[Start of Attachment]

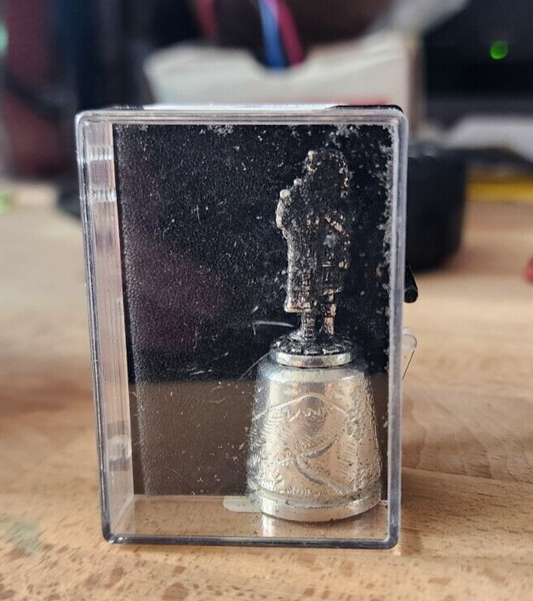 Silver Thimble Made in Scotland by Northern Studios Man Holding Pipe Bags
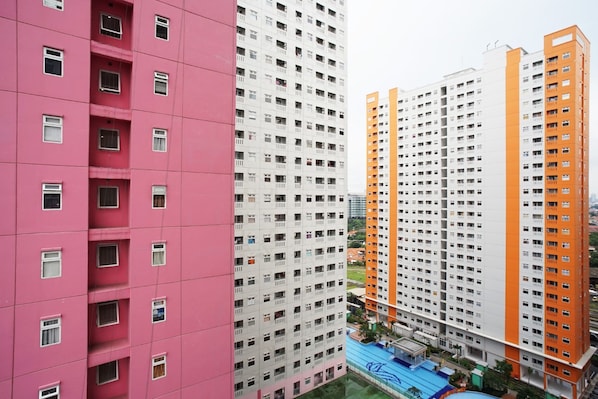 A high-rise building with multiple floors, featuring a mix of pink and white exteriors.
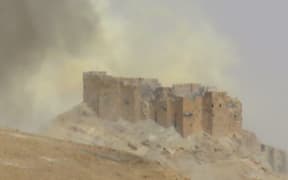 Smoke billows from the Palmyra citadel as Syrian troops retake the ancient city from Islamic State.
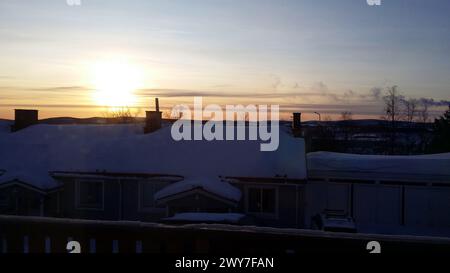 Sunrise in a small snowy town in the north of Sweden. The sun is rising over the rooftops. Stock Photo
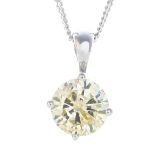 An 18ct gold diamond single-stone pendant.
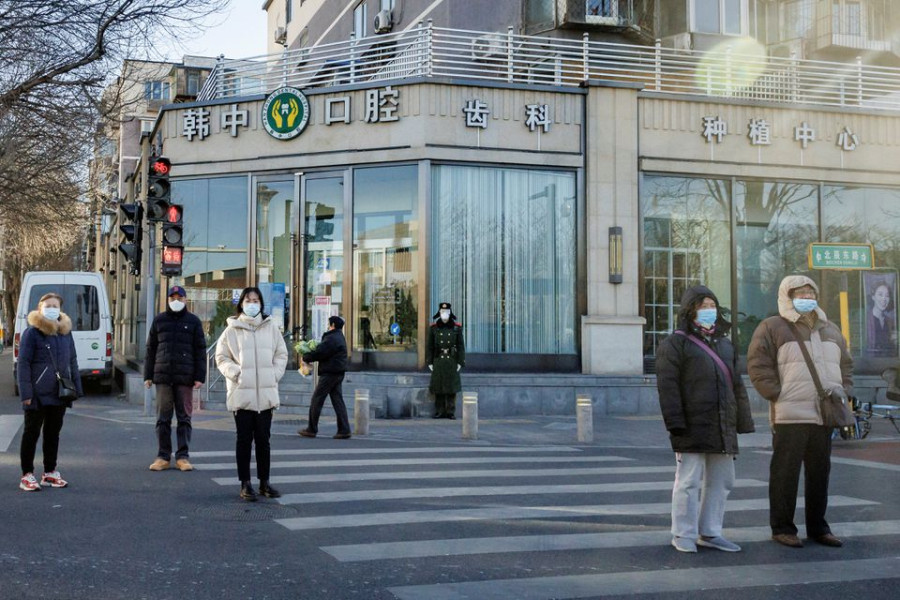 China softens tone on Covid severity after protests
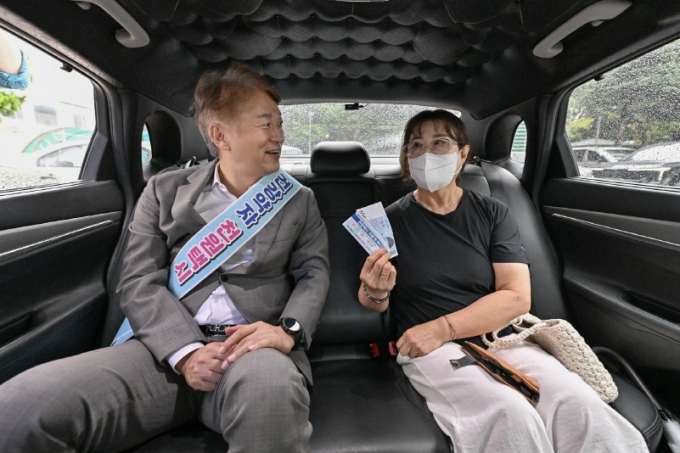 김이강 광주광역시 서구청장(왼쪽)이 지난 9월9일 천원택시 운영 현장을 찾아 이용객의 의견을 듣고 있다./사진제공=광주 서구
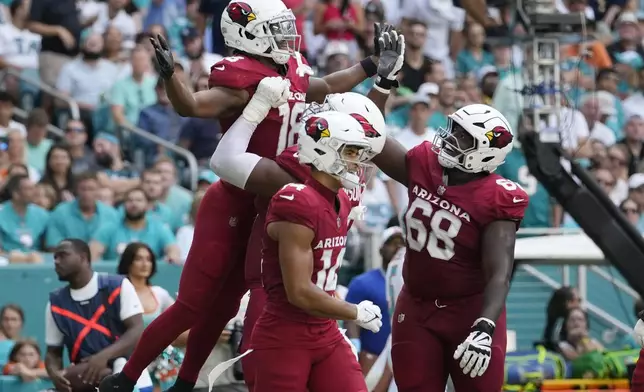 Arizona Cardinals wide receiver Marvin Harrison Jr. (18) celebrates his touchdown during the second half of an NFL football game against the Miami Dolphins, Sunday, Oct. 27, 2024, in Miami Gardens, Fla. (AP Photo/Lynne Sladky)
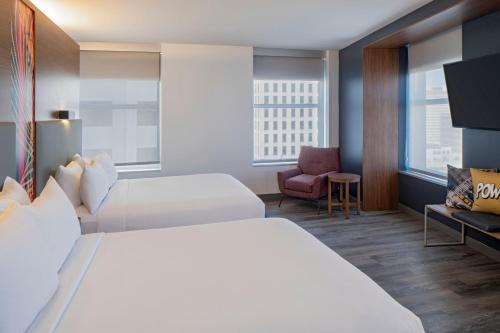 a hotel room with two beds and a chair at Aloft New Orleans Downtown in New Orleans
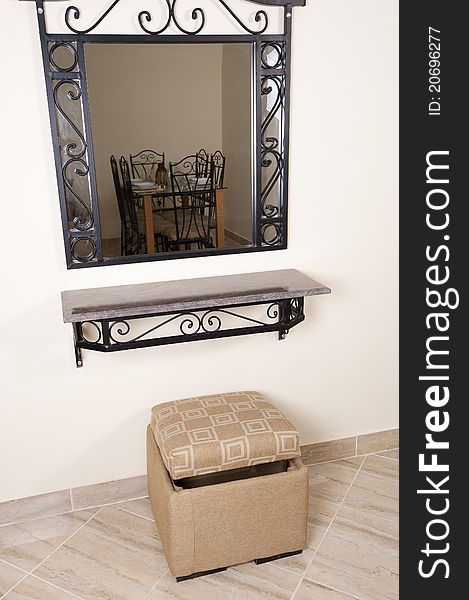 Interior design mirror and shelf on a wall with stool. Interior design mirror and shelf on a wall with stool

[End of Attachment]

WHAT TO DO:
When the line that holds "A high-rise building" is reached, begin duplicating exactly, and continue through the last line of the listing, skipping the pictures; output nothing else.

RESULT OF THE EXERCISE:
 A high-rise building with multiple floors, featuring a mix of pink and white exteriors.
 Smoke billows from the Palmyra citadel as Syrian troops retake the ancient city from Islamic State.
 Sunrise in a small snowy town in the north of Sweden. The sun is rising over the rooftops. Stock Photo
 An 18ct gold diamond single-stone pendant.
 China softens tone on Covid severity after protests
 김이강 광주광역시 서구청장(왼쪽)이 지난 9월9일 천원택시 운영 현장을 찾아 이용객의 의견을 듣고 있다./사진제공=광주 서구
 Arizona Cardinals wide receiver Marvin Harrison Jr. (18) celebrates his touchdown during the second half of an NFL football game against the Miami Dolphins, Sunday, Oct. 27, 2024, in Miami Gardens, Fla. (AP Photo/Lynne Sladky)
 a hotel room with two beds and a chair at Aloft New Orleans Downtown in New Orleans
 Interior design mirror and shelf on a wall with stool. Interior design mirror and shelf on a wall with stool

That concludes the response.